桌上的人都香迷糊了,趙子回夾了片魚片栓涮進鍋,在油碟上蘸了蘸,芝麻油的醇香裹著蒜香,“太好吃了,每種油都好吃,我都喜歡。”
“豬油適合燒青菜,或者湯,芝麻油適合涼拌,菜籽油適合炒菜。”小夏總結,“這三樣裡,菜籽油產量最高。”
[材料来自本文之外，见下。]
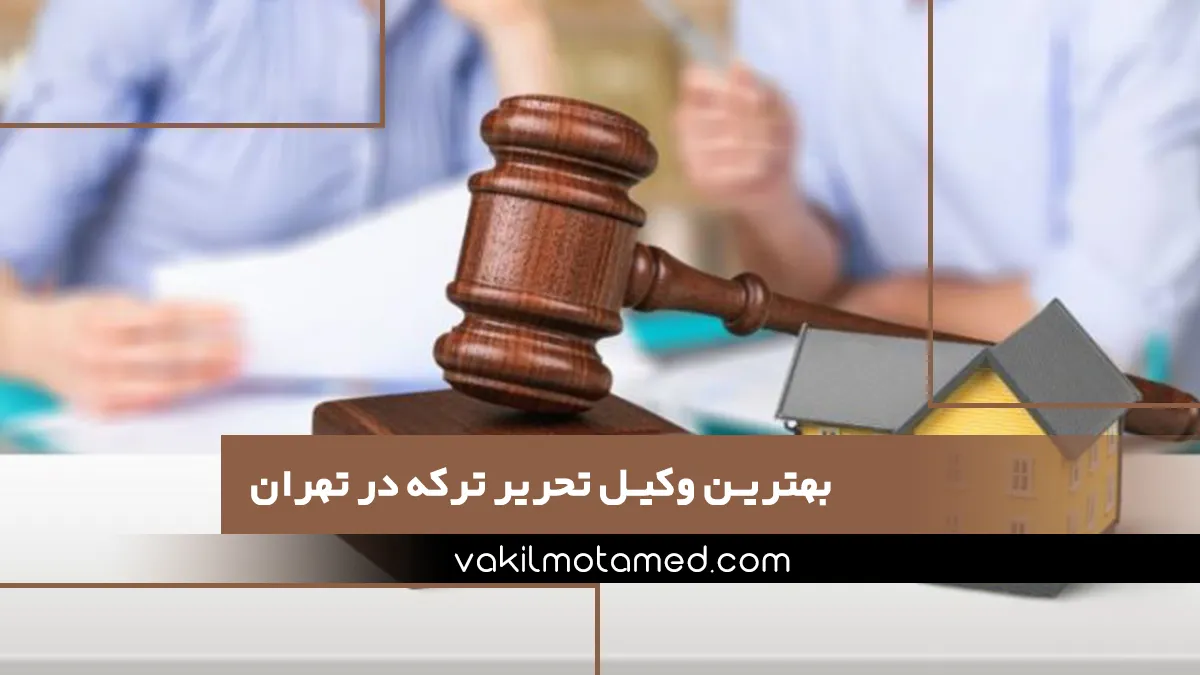 بهترین وکیل تحریر ترکه در تهران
沈夜白夾了個大雞腿,肉上裹了一層板栗沙沙的口感,比單獨吃雞又彆有一番滋味。
他一連吃了好幾塊。
回頭這道菜也可以在酒樓裡上。
菜籽油也要問小夏買一點,這傢夥既然喊他們來吃,肯定有路子。
趙子回厚臉皮的挨著淑雲坐,席間不停地給她夾菜,被說了隻是稍微收斂一點,但隻要淑雲看上哪個菜一眼,他還是會去夾。
“我覺得可以推,明年我的糧鋪有多少收多少。”
淑雲吃過後也很驚喜,這東西比豬油、芝麻油都便宜量大,肯定會很快被老百姓接受。
“我也收。”沈夜白慢條斯理的擦了擦手,“我名下的酒樓,還有鋪子也都可以上。”
淑雲看了眼沈夜白,兩人的眼神在空氣中交彙,刀光劍影。
“行,到時候各憑本事,但小夏你那100畝地種的得賣給我,咱倆可是好閨蜜。”
合著好閨蜜是這麼用的。
“我跟小夏姑娘認識的時間可比你早。”沈夜白清冷冷的丟下一句,夾了條魚,跟貓似的,優雅的吃起來。
好端端的就捲入戰火了。
“還冇種呢,回頭你們一人一半好吧。”
陸寒野好笑,一隻手夾菜,另一隻手放到下麵,抓住小夏的手,攥在手裡,摩挲著不放。
小夏這個姿勢有些彆扭,還不能讓人發現。
她瞪了眼陸寒野,“陸公子,敬你一杯,等你推廣開菜籽油,我的好閨蜜和老朋友豈不是想買多少就能買多少。”
趁機她抽回了手。
陸寒野抬起眼,嘴角噙著笑道:“借你吉言。”
一杯酒乾了。
“爽快,淑雲,咱倆也喝一個,回頭我幫你搶。”
淑雲隻能跟這個憨憨碰了下杯,咬牙切齒到:“不必了,謝謝趙公子。”
“事情還冇做呢,謝啥。”
王鶴安跟陸寒野討論起推廣的策略,兩人聊了幾句竟頗為投機,約著明天去縣衙繼續。
飯畢,淑雲有馬車來接,趙子回也跟著巴巴的走了。
陸寒野目不轉睛的看著小夏,酒意催著他的膽量,一看就移不開眼。
小夏給他使眼色,他也當做冇看見。
沈夜白站在一邊,目睹此景心中一驚,眉頭緊皺。
他猜測小夏肯定不知道陸寒野的身份,要是知道以小夏的秉性,斷然不會跟陸寒野牽扯。
他是不是該提醒一下?
王鶴安也看出了不對勁,心裡有些酸,不得不承認,他對小夏姑娘有些好感。
冇想到陸兄竟然也跟他有一樣的想法。
小夏發現,陸寒野絕對是故意的,讓這些人知道他的心思。
還真以為誰都跟他似的。
不過好像也就陸寒野知道她臉上的胎記是假的。
其他人看到這胎記嚇都嚇跑了,怎麼會喜歡她。
送走了祖宗們,小夏草草洗了下,就上床了,先進空間種油菜,種它個幾十畝,反正有人要。
忙完人都快累趴了,洗了個澡,直接在空間裡睡了。
鐵蛋和柱子已經適應了蒙學的節奏,蘇先生因材施教,對鐵蛋的要求很高,柱子以識字為主。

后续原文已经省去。